**Description of the task:**
Once the line containing "molecular formula C13H14F3N3O" is found in the data below, repeat it and every later line exactly, leaving the pictures out.

····················

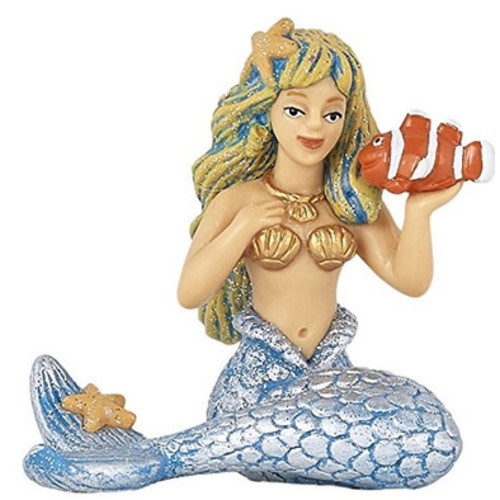 Papo Mermaid #39107 - Silver Tail - Holding a Clownfish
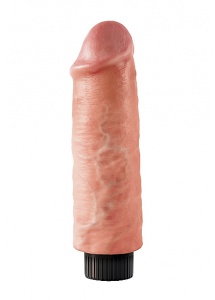 Pipedream King Cock - dildo z WIBRACJAMI MultiSpeed naturalne PVC - 15cm(6")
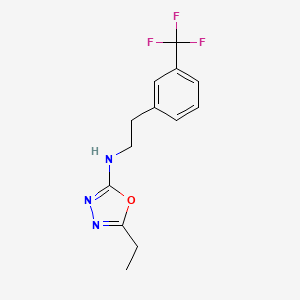 molecular formula C13H14F3N3O B5687557 5-ethyl-N-{2-[3-(trifluoromethyl)phenyl]ethyl}-1,3,4-oxadiazol-2-amine 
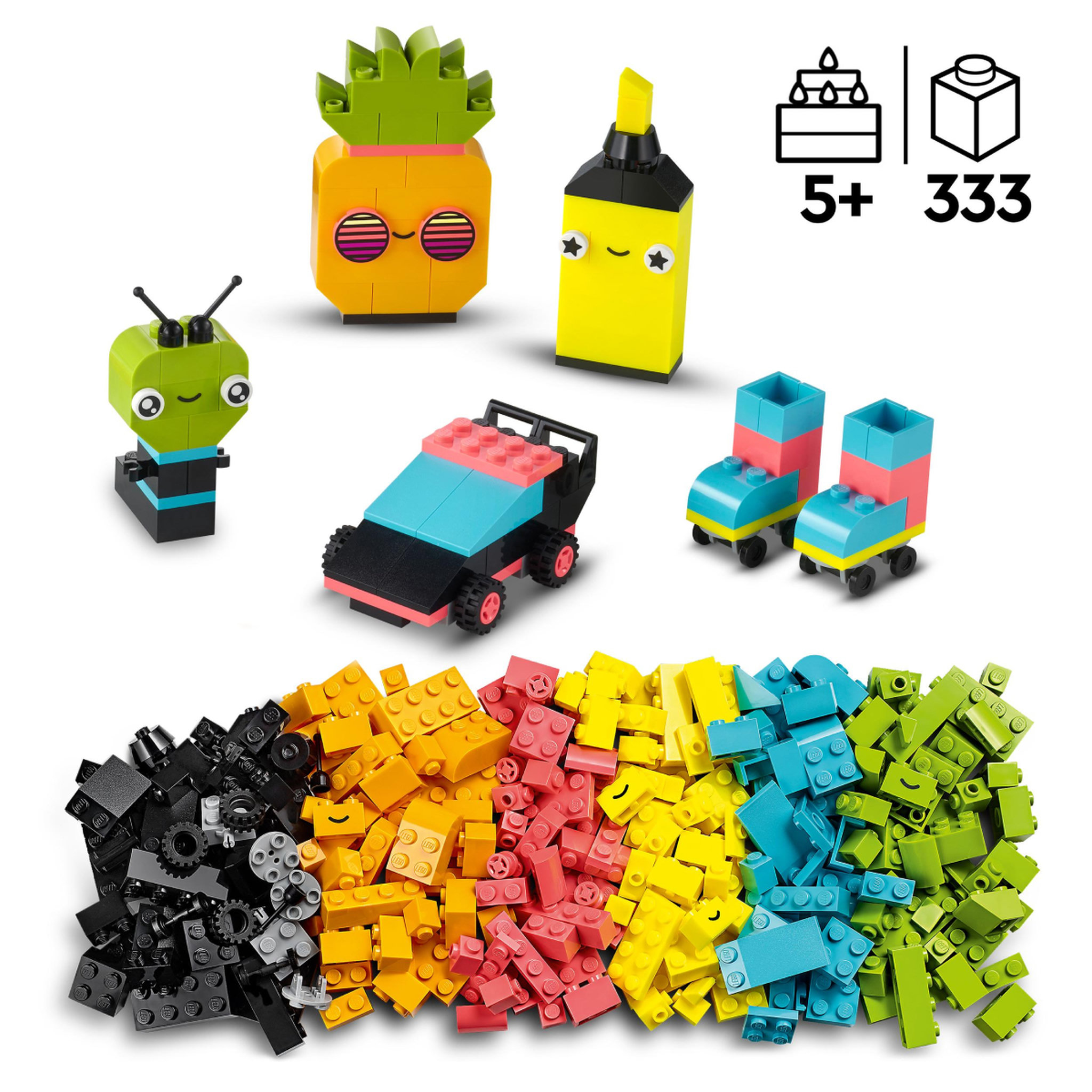 Voir la diapositive 4 : LEGO Classic 11027 - L&rsquo;amusement créatif fluo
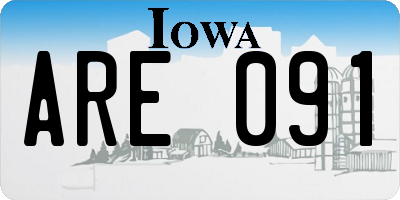 IA license plate ARE091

····················

**Response for this exercise:**
 molecular formula C13H14F3N3O B5687557 5-ethyl-N-{2-[3-(trifluoromethyl)phenyl]ethyl}-1,3,4-oxadiazol-2-amine 
 Voir la diapositive 4 : LEGO Classic 11027 - L&rsquo;amusement créatif fluo
 IA license plate ARE091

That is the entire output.